A More Realiastic Move
This shows how the rename-helper script came about.
The move: Git/git-svn moved to Git-svn
The old file: Git/git-svn-20070920-181338 (only a single file exists, and it consistes of a single redirect)
The new files:
Git-svn-20070131-084201 Git-svn-20070417-182241 Git-svn-20071001-010606
Git-svn-20070131-102818 Git-svn-20070417-190102 Git-svn-20071001-011332
Git-svn-20070205-093415 Git-svn-20070418-003631 Git-svn-20071001-035500
Git-svn-20070205-093512 Git-svn-20070828-010248 Git-svn-20080225-083635
Git-svn-20070205-094050 Git-svn-20070911-224529 Git-svn-20080226-065339
Git-svn-20070216-031335 Git-svn-20070920-181338
Git-svn-20070216-163932 Git-svn-20070920-181904
You can see that the two matching rename revisions are:
Git/git-svn-20070920-181338 and Git-svn-20070920-181338
Therefore, we need to rename all 12 Git-svn edits up to but not including 20070920-181338 to Git/git-svn.
We can find them with:
OLD=Git/git-svn-20070920-181338
NEW=Git-svn-20070920-181338
NEW_BASE=Git-svn
find . -name "$NEW_BASE-*" \! -newer "$NEW" -and \! -samefile "$NEW" -print
That should print the names of the files to be moved.
rename-helper started as this find statement and slowly became more capable.
Removing Empty Edits
When removing edits, especially when removing spam, you tend to generate a lot of empty edits.

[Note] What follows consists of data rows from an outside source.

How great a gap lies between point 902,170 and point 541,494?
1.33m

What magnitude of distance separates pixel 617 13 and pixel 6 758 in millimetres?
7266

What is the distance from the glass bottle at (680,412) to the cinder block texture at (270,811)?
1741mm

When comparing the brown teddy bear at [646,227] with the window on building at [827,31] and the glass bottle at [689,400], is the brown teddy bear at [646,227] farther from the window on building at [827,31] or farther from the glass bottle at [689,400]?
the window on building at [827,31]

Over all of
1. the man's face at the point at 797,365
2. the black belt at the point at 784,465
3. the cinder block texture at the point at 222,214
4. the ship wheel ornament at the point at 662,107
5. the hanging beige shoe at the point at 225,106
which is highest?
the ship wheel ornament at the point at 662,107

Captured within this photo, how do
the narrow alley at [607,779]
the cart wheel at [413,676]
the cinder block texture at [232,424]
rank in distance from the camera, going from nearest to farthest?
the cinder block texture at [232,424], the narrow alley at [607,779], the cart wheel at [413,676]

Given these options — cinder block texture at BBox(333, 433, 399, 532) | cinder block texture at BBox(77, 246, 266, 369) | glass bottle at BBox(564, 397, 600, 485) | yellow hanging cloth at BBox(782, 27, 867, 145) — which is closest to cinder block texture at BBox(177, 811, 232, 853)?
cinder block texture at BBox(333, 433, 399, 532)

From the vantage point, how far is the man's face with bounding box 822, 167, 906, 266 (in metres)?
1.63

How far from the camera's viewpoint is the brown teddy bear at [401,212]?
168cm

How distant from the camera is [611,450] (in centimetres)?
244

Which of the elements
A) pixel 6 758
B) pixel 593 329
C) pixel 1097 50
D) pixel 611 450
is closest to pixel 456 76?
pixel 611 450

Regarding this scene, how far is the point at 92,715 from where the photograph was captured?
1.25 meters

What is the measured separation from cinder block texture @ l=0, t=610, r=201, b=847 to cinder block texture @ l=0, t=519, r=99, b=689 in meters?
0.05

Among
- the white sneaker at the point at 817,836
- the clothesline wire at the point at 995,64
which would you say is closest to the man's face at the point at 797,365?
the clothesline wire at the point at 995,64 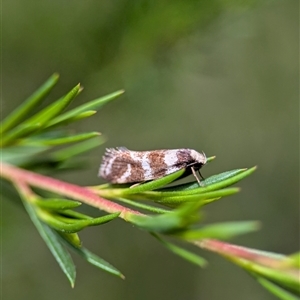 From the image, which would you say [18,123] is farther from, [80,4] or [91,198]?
[80,4]

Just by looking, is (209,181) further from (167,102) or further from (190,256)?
(167,102)

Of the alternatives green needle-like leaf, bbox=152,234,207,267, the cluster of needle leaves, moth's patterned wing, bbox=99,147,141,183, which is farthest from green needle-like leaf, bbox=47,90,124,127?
green needle-like leaf, bbox=152,234,207,267

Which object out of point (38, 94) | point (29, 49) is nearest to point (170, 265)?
point (29, 49)

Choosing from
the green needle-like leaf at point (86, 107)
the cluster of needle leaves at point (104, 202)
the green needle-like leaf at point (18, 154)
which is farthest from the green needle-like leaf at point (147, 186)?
the green needle-like leaf at point (18, 154)

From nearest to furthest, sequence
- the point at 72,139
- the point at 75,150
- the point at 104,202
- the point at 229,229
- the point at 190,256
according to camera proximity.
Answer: the point at 229,229 < the point at 190,256 < the point at 104,202 < the point at 72,139 < the point at 75,150

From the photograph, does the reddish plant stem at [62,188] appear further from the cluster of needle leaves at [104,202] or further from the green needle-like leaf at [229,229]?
the green needle-like leaf at [229,229]

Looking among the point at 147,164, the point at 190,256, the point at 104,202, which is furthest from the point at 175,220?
the point at 147,164

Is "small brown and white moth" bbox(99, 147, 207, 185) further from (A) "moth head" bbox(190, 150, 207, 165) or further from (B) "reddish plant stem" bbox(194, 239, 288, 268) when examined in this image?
(B) "reddish plant stem" bbox(194, 239, 288, 268) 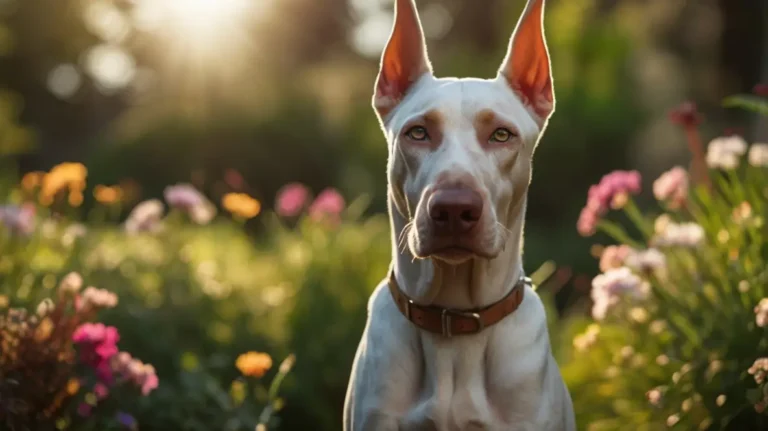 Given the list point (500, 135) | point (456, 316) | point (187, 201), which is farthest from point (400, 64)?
point (187, 201)

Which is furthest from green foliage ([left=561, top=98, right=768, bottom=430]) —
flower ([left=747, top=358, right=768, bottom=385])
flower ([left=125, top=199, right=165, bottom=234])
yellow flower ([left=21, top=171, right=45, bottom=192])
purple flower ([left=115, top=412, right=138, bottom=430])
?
yellow flower ([left=21, top=171, right=45, bottom=192])

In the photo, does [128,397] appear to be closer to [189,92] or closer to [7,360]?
[7,360]

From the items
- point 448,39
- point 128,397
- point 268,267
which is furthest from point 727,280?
A: point 448,39

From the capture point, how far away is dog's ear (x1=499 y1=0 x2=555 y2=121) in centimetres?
320

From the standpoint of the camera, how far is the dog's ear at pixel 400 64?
3.24 m

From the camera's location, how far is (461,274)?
122 inches

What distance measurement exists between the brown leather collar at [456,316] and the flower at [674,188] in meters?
2.23

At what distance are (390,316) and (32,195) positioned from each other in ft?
14.9

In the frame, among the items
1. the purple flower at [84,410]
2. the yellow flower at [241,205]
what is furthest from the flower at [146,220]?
the purple flower at [84,410]

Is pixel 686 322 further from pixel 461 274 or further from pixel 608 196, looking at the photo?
pixel 461 274

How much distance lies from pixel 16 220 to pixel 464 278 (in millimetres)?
3677

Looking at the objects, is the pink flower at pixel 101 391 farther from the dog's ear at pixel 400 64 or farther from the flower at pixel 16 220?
the dog's ear at pixel 400 64

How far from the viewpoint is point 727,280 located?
4.37 metres

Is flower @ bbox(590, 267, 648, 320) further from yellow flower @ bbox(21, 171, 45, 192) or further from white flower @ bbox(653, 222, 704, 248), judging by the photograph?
yellow flower @ bbox(21, 171, 45, 192) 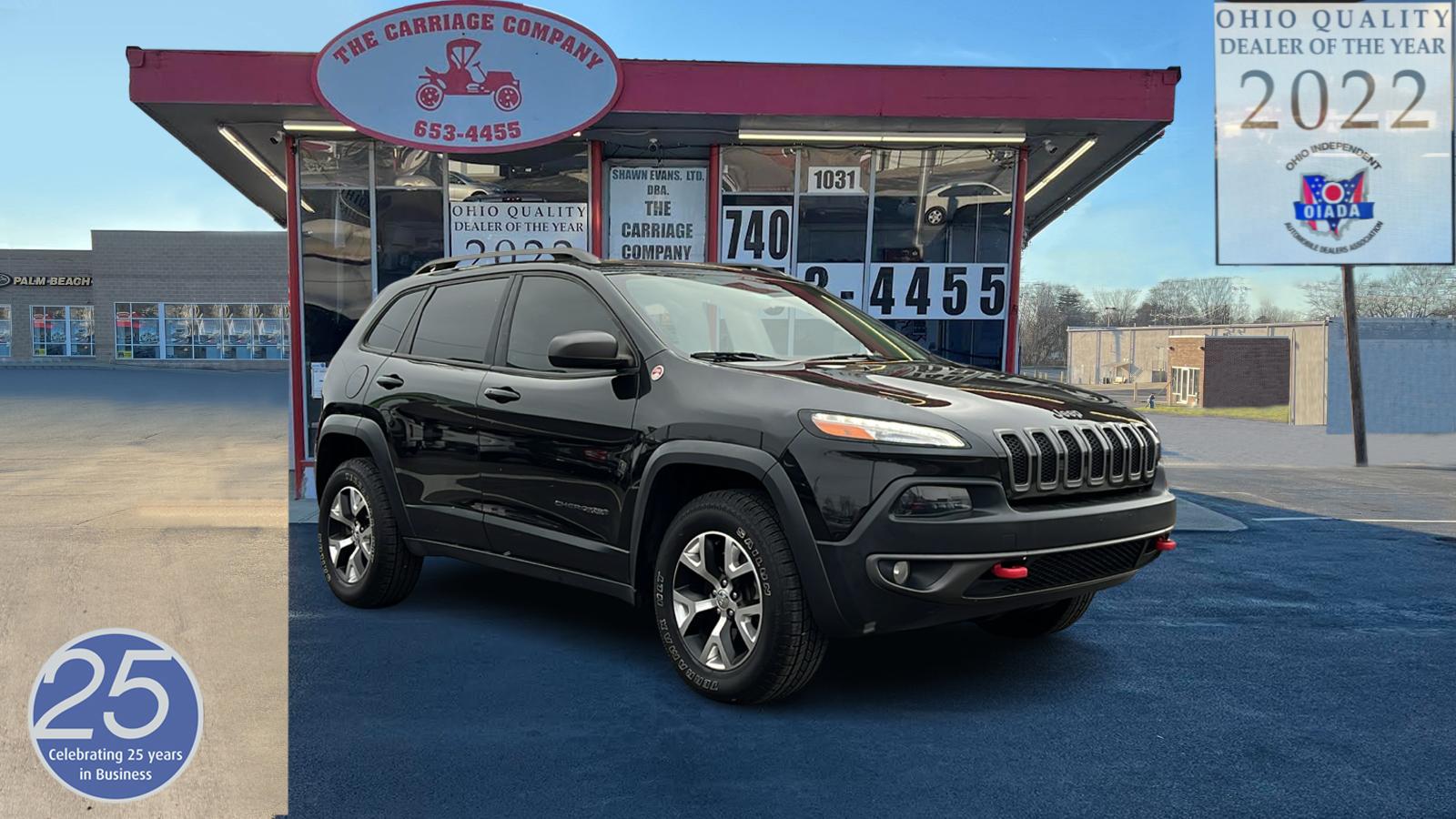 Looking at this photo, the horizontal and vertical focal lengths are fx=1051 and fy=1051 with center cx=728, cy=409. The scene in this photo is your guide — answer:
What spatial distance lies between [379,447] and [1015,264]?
7.15 metres

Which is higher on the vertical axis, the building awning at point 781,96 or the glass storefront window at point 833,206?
the building awning at point 781,96

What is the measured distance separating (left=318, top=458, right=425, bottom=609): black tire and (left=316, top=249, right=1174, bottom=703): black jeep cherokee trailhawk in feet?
0.06

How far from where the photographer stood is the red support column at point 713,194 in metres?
10.9

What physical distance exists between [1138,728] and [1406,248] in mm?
17946

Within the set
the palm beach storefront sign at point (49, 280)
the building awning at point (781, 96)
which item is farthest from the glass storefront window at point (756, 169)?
the palm beach storefront sign at point (49, 280)

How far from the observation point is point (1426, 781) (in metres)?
3.48

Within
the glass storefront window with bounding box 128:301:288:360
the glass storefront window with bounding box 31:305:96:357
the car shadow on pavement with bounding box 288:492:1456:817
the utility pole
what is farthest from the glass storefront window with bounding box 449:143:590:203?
the glass storefront window with bounding box 31:305:96:357

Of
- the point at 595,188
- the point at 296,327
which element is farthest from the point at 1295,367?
the point at 296,327

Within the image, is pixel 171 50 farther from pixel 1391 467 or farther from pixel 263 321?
pixel 263 321

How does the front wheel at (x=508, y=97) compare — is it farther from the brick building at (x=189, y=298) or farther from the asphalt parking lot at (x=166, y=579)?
the brick building at (x=189, y=298)

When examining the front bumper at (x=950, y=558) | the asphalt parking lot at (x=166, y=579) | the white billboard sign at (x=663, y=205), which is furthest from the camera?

When you remove edits that add the spam, all the edits that removed the spam become no-ops. We don't want those cluttering up our history either.
This script finds and prints the names of all the do-nothing edits it can find.
$ ruby iki-find-empty-edits.rb nodes
NOTE: if you skipped the fix-renames step above, you'll find an empty edit each time a page was renamed. This is just an artifact of how Mediawiki handles renames and can be safely ignored.